0

I am very new to python and trying to do my own data analysis.

I am trying to parse data from this website: https://www.tsn.ca/nhl/statistics

I wanted to get the table in a data frame format.

I tried this:

import pandas as pd

players_list_unclean = pd.read_html('https://www.sportsnet.ca/hockey/nhl/players/?season=2021&?seasonType=reg&tab=Skaters')

I get the following error:

raise ValueError("No tables found") ValueError: No tables found

I can see there is table, but for some reason it is not being read.
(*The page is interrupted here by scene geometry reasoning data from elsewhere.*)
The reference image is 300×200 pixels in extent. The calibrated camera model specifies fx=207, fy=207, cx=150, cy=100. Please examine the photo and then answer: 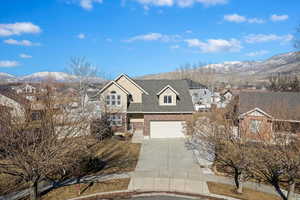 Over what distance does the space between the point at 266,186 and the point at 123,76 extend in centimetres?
1895

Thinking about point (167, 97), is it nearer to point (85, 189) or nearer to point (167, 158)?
point (167, 158)

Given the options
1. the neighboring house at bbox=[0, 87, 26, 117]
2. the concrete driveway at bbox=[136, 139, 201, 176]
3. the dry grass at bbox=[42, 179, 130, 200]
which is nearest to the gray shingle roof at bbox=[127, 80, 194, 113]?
the concrete driveway at bbox=[136, 139, 201, 176]

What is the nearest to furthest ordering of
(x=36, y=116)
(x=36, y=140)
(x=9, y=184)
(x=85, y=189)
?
(x=36, y=140) → (x=36, y=116) → (x=85, y=189) → (x=9, y=184)

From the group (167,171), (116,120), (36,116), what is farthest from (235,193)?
(116,120)

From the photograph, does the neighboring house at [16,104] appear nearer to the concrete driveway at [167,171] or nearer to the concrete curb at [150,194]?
the concrete curb at [150,194]

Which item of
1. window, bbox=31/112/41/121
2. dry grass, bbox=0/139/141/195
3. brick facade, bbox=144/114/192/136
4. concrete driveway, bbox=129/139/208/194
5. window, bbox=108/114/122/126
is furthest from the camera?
window, bbox=108/114/122/126

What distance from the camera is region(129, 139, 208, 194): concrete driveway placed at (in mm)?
12758

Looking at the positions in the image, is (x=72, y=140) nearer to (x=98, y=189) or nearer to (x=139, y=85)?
(x=98, y=189)

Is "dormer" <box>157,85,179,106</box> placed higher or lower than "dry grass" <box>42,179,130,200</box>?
higher

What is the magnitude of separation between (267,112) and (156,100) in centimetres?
1238

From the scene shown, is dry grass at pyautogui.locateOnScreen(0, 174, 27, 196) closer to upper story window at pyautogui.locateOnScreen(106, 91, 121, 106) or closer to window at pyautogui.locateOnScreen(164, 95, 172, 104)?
upper story window at pyautogui.locateOnScreen(106, 91, 121, 106)

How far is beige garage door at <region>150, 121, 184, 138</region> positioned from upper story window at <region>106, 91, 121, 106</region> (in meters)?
5.10

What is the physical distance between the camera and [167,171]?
1497 cm

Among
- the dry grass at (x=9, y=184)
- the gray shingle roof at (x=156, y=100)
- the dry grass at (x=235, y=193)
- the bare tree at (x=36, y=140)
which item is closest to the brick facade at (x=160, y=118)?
the gray shingle roof at (x=156, y=100) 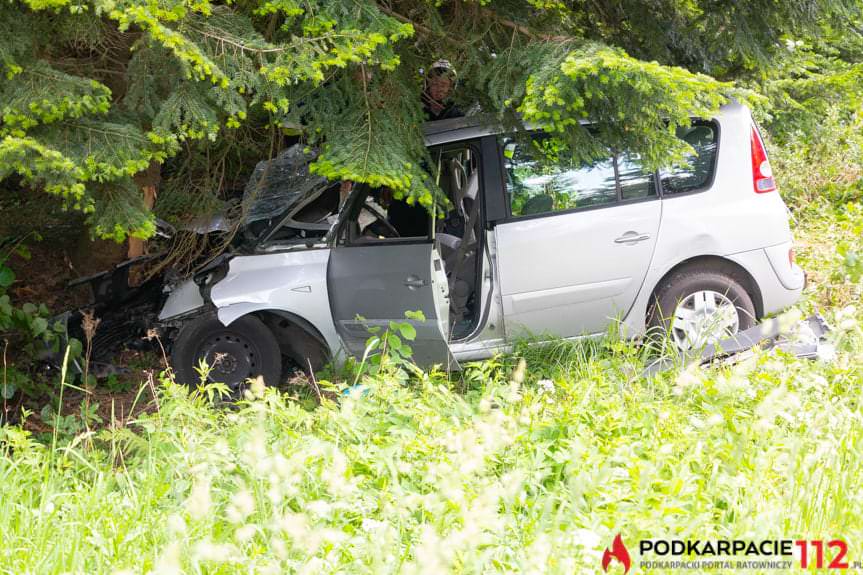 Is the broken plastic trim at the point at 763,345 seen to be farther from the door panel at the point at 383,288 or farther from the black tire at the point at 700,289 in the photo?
the door panel at the point at 383,288

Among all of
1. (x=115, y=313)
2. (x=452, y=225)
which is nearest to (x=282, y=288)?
(x=452, y=225)

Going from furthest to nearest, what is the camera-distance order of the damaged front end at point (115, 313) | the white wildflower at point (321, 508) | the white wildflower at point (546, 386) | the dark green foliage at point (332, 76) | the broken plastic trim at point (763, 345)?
the damaged front end at point (115, 313) < the broken plastic trim at point (763, 345) < the white wildflower at point (546, 386) < the dark green foliage at point (332, 76) < the white wildflower at point (321, 508)

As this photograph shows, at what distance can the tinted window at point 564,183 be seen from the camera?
16.6 feet

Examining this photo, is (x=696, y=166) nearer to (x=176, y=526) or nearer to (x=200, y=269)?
(x=200, y=269)

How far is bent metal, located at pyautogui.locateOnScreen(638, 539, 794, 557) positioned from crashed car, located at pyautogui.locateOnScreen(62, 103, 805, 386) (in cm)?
270

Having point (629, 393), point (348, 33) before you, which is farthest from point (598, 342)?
point (348, 33)

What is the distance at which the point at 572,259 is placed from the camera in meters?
5.03

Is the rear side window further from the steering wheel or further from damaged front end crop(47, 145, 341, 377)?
damaged front end crop(47, 145, 341, 377)

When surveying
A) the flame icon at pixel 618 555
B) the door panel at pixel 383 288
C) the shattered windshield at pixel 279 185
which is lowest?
the flame icon at pixel 618 555

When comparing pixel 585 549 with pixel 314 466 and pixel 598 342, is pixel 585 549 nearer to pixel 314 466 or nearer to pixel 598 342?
pixel 314 466

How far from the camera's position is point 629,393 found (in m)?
3.67

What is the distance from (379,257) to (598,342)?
155cm

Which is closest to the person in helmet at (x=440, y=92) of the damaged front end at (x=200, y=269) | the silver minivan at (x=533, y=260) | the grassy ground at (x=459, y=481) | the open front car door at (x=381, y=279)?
the silver minivan at (x=533, y=260)

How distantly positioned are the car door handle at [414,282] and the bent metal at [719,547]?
2.69 m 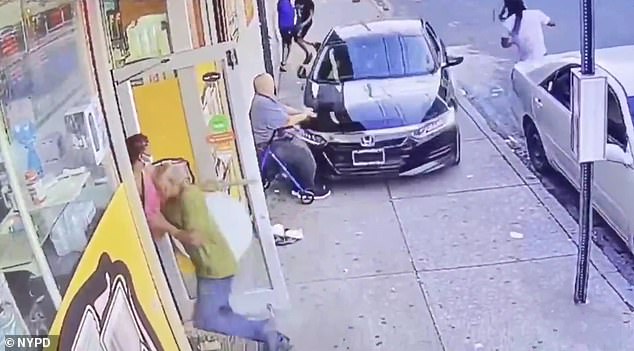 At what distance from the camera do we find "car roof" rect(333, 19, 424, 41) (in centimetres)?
981

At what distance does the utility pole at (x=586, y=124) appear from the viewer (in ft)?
19.3

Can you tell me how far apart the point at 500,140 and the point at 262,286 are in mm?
4745

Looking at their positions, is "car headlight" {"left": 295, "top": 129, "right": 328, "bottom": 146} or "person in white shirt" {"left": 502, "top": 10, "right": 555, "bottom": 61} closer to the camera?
"car headlight" {"left": 295, "top": 129, "right": 328, "bottom": 146}

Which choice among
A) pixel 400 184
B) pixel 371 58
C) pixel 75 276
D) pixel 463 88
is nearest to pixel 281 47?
pixel 463 88

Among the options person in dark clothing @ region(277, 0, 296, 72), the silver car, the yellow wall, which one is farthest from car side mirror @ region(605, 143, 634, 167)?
person in dark clothing @ region(277, 0, 296, 72)

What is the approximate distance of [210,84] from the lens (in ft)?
19.4

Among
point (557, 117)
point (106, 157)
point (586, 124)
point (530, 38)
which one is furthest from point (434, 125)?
point (106, 157)

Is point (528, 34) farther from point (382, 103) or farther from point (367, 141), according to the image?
point (367, 141)

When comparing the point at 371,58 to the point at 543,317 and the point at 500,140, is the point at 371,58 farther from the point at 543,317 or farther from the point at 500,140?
the point at 543,317

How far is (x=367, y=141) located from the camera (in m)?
8.73

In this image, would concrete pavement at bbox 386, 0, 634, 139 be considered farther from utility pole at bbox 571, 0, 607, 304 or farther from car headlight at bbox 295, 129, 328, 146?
utility pole at bbox 571, 0, 607, 304

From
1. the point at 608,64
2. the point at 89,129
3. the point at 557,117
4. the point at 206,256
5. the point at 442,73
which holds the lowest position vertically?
the point at 557,117

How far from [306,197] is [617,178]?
2.98 meters

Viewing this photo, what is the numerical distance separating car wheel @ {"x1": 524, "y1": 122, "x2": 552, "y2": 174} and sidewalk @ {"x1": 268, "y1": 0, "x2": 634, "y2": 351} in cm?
13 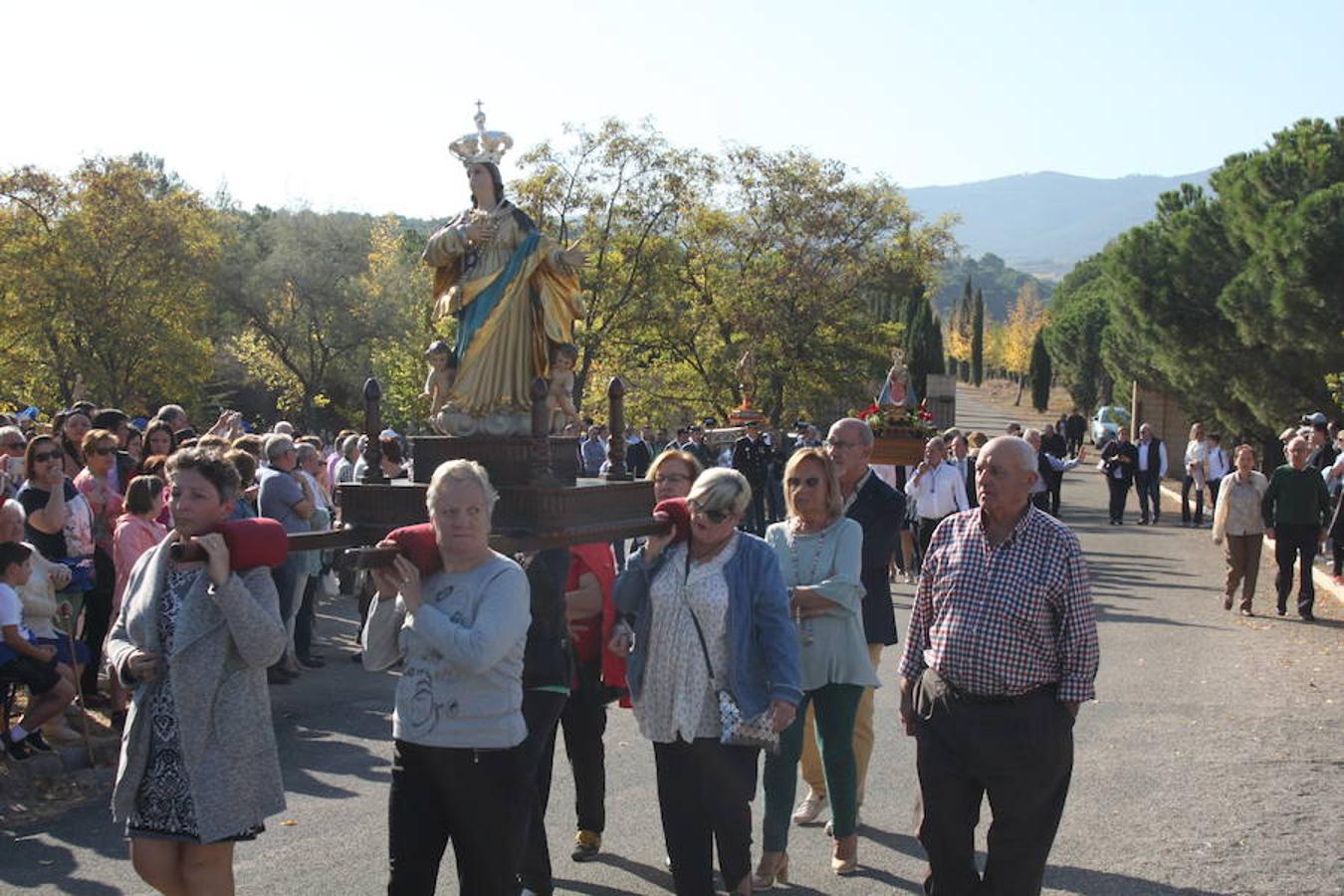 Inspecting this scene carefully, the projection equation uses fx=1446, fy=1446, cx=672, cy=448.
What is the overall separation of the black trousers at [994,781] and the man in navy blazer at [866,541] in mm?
1810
I found another stack overflow solution recommending using selenium:

pandas read_html ValueError: No tables found

However, when I tried to implement this code I could not find the table ID in the html page source. Does anyone know another way to do this? I have tried other websites, but I ultimately have the same issue.

from selenium.webdriver.common.keys import Keys

driver = webdriver.Firefox()
driver.get("https://www.wunderground.com/personal-weather-station/dashboard?ID=KMAHADLE7#history/tdata/s20170201/e20170201/mcustom.html")
elem = driver.find_element_by_id("history_table")

head = elem.find_element_by_tag_name('thead')
body = elem.find_element_by_tag_name('tbody')

list_rows = []

for items in body.find_element_by_tag_name('tr'):
    list_cells = []
    for item in items.find_elements_by_tag_name('td'):
        list_cells.append(item.text)
    list_rows.append(list_cells)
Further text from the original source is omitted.